What Is a Responsible Therapist to Do?
- Recognize that self -preservation is not selfish. You can’t fill someone else’s cup when yours is empty.
- Take an inventory of the stressors in your life.
- Note the signs of compassion fatigue which include:
Physical and emotional exhaustion
Feeling a lack of job satisfaction and an ongoing desire to avoid work
Becoming socially isolated
Depersonalization (symptoms disconnected from real causes)
Anger and frustration toward clients
- Theory and book knowledge only go so far. Practical application of all you have learned is as useful for you as for your clients.
- If you have a spiritual practice, incorporate it to maintain equilibrium.
- Engage in scrupulous self-care which could include: adequate sleep, healthy nutritional choices, exercise, massage, meditation, yoga and down time; in whatever way you define it.
- Invest in yourself by time with those who nurture your wellbeing.
- Listen to music.
- Make music.
- Attend fun activities.
- Journal about your feelings.
- Avoid ‘playing therapist’ when you are off duty, as the tendency is to maintain that role with people in your personal life.

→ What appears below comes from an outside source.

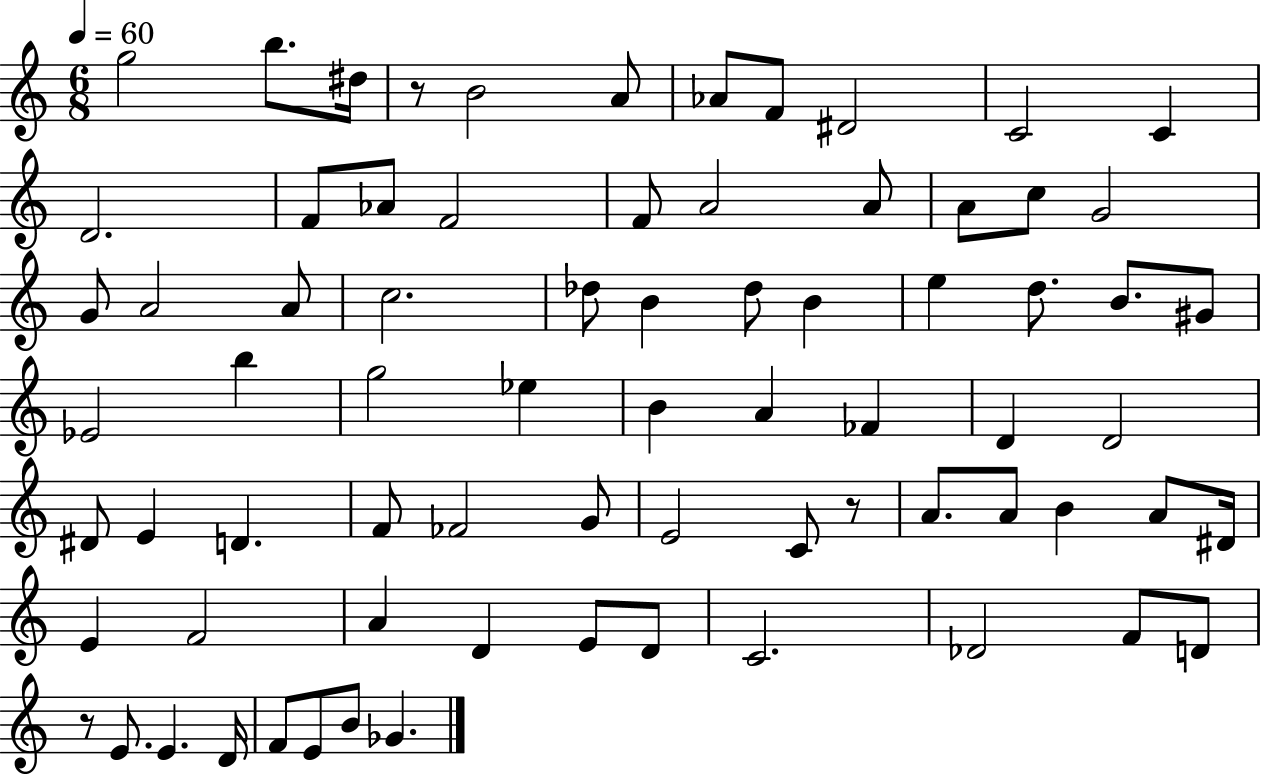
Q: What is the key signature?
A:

- Steer clear of substances that are self- medicating, to prevent feeling the effects of time with clients.
- Seek support from colleagues or supervisors.
- Take vacations to locales that refill your tank.
- Get up from your desk and take stretch breaks in between clients.
- Acknowledge the losses and trauma in your own life that may be reflected in the stories told by your clients.
- Read books that focus on therapist’s needs for support, including Help for the Helper: The Psychophysiology of Compassion Fatigue and Vicarious Trauma by Babette Rothschild, Transforming the Pain: A Workbook on Vicarious Traumatization and Trauma and the Therapist: Countertransference and Vicarious Traumatization in Psychotherapy with Incest Survivors by Karen W. Saakvitneand Laurie Anne Pearlman.
- Take Continuing Education classes that offer skills to assist you in providing the best care for yourself, so you can better care for those you serve.
- See a therapist yourself if need be.
- Ask yourself about the suggestions you would offer a client who was facing work related stressors.
- Know that even as a professional, you are not immune to the challenges that befall clients. You are human, after all.